Avec l'arrivée d'Alpha dans le tableau du trip-hop en 1997, ont afflué les qualifications d'un « son typique de Bristol ». En réalité, ce qui regroupe les formations clairement distinctes de Portishead, Massive Attack et Alpha, c'est une humeur, une façon d'observer la vie entre deux averses (
« Rain »), en adoptant fièrement, comme une attitude, une mélancolie libératrice. Le slogan du label Melankolic Records créé par Massive Attack un plus tôt en 1996, chez qui Alpha publie ce premier album n'est-il pas « Glad to be sad » (littéralement « heureux d'être triste ») ? La preuve est faite.

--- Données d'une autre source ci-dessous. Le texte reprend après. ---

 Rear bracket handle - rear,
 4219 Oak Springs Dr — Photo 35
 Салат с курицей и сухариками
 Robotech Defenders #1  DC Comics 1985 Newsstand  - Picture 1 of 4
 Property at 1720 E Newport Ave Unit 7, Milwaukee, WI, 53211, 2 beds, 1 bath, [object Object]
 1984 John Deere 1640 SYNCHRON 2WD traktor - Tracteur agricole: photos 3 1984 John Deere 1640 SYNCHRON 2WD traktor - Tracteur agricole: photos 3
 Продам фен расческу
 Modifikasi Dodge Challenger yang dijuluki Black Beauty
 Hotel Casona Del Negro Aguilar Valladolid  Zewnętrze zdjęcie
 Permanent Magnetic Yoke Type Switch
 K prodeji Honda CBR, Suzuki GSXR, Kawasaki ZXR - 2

Là où Massive Attack choisit des rythmes propices à la transe, où Portishead accorde une part prépondérante aux textes, qui donnent un aspect plus théâtral à leur musique, la spécialité d'Alpha est sans contexte la fluidité éthérée. Leur musique à eux fait appel à un orchestre de cordes, à des samples subtils, des extraits de films (
« Back »,
« Come From Heaven »). Inspirée d'un jazz atmosphérique (
« Delanay »), elle enveloppe l'auditeur d'un nuage de douceur. Ces distinctions faites, il est vrai que tous ces artistes, ont en commun une musique à fort potentiel cinématographique (ce n'est pas un hasard si Craig Armstrong a également fait partie du label).
Comment ne pas considérer cet album arrangé par le duo Corin Dingley et Andy Jenks, musiciens amoureux de musiques de films, comme le point de départ d'un voyage long et paisible, propice à la réflexion et à l'onirisme sans frontière ? La cohérence downtempo de l'ensemble est harmonieusement relevée par les voix soul de Martin Barnard, Wendy Stubbs et Helen White, qui donnent à Alpha une identité qui leur a parfois manqué sur des albums instrumentaux. Efficace et inaltérable, un album « venu des cieux », référence d'un groupe malheureusement sous-médiatisé.